Alternative Energy – How the Power Grid Is Adapting and Why It Is Happening Now
While alternative energy can be good for the environment, the power grid must adapt to the transition to environmentally friendly energy sources and become a “smart” grid to handle the variability of a diverse renewable energy portfolio.
The smart grid is called the internet of things. Each “thing” in the smart grid is an appliance like an air conditioner, a controlling device like a programmable thermostat or motor control center or power source like a solar cell. Renewable energy sources communicate real time power generation information to utilities. While the theory of a smart grid has existed for more than a couple of decades, only recently it is becoming a reality.
Why Is the Smart Grid Now a Possibility?
There are several reasons why the smart grid is being rolled out en masse now although the technology has existed for a decade. The primary reasons pushing the smart grid are the economies of scale that now make a smart grid affordable, the adoption of renewable energy as its cost per kilowatt comes down, and the computing infrastructure required to run smart grids now up and running.
Economies of Scale
Networking the entire power grid requires a huge number of sensors. As wireless technology has exploded, the cost of individual wireless communication devices has come down low enough that we can consider installing millions of them across the power grid and in appliances as a standard feature. Smart grid sensors use the same cheap communication components as cell phones, often using similar batteries as well. By leveraging the cost savings yielded by the economies of scale for producing millions of cell phones and PDAs per month, smart grid infrastructure is now affordable enough to be practical and in practically everything that uses more than a sip of power.
Renewables Require a Smart Grid
Renewable energy demands tighter power grid monitoring and immediate corrections to handle. Solar power production is greatest in the afternoon, when people tend to use the most power. However, it produces little power in the winter though people need energy to stay warm. Wind power peaks at sunrise and sunset, when there is relatively little demand. Adding more renewable power onto the power grid multiplies the variability of the power supply. When renewable power from local sources suddenly drops due to a thunderstorm blocking the sun, the power grid must compensate by either pulling power from batteries or turning on natural gas power plants.

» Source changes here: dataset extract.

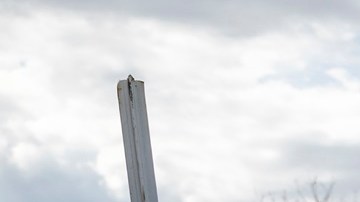 La Patrulla Fronteriza podrá cortar el alambre con púas instalado en Texas, en la frontera con México.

This is why Spain’s solar power and wind power drive caused a horrific economic slump; they discovered that for every megawatt of renewable energy they put in, they had to install an equal capacity of natural gas or oil burning power generation which was then rarely used. Spain had to build twice as many power plants while using the more expensive renewable power plants most of the time.
The United States is not facing this debacle because it is shifting to natural gas. Renewable energy sources that are good for the environment are coming on line slowly across the grid, while the investors still receive a return on their investment because the natural gas plants are still used in some capacity all of the time. However, as more renewable power sources come on line, more back up power generators will have to be added and kept in sync with the renewable energy supply. And a smart grid is the only way to handle many small, personal renewable energy projects that provide most of a consumer’s power but must alternate between accepting locally produced power and delivering power when renewable sources fall short.
The smart grid generates massive amounts of information. Thanks to data analysis and data reporting tools pioneered by companies like Google, utilities have the ability to compare one utility customer’s date against his or her neighbors, report on each person’s prior day’s usage and relate this to the previous day’s temperature outside. More importantly, this information can be relayed to the user through utility websites or displayed on the home’s thermostat. Some consumers have signed up for emailed notices and warnings when they use more power than average or their pre-selected quota.
Other users have signed up for discount programs where they are notified of power system overloads and paid to turn off devices and bring down their power consumption. Some utility customers are receiving rewards for shifting power consumption to non-peak times like early morning and late at night. Using low cost cloud computing and data analysis tools based on those pioneered by Google, utilities now have the ability to record power usage of consumers minute by minute and reward those who lower their usage when the utility asks them to do so. Conservation is good for consumers and the environment, but it must be balanced by consumers’ needs; in depth data analysis helps companies and consumers reach a reasonable balance before rolling blackouts hit.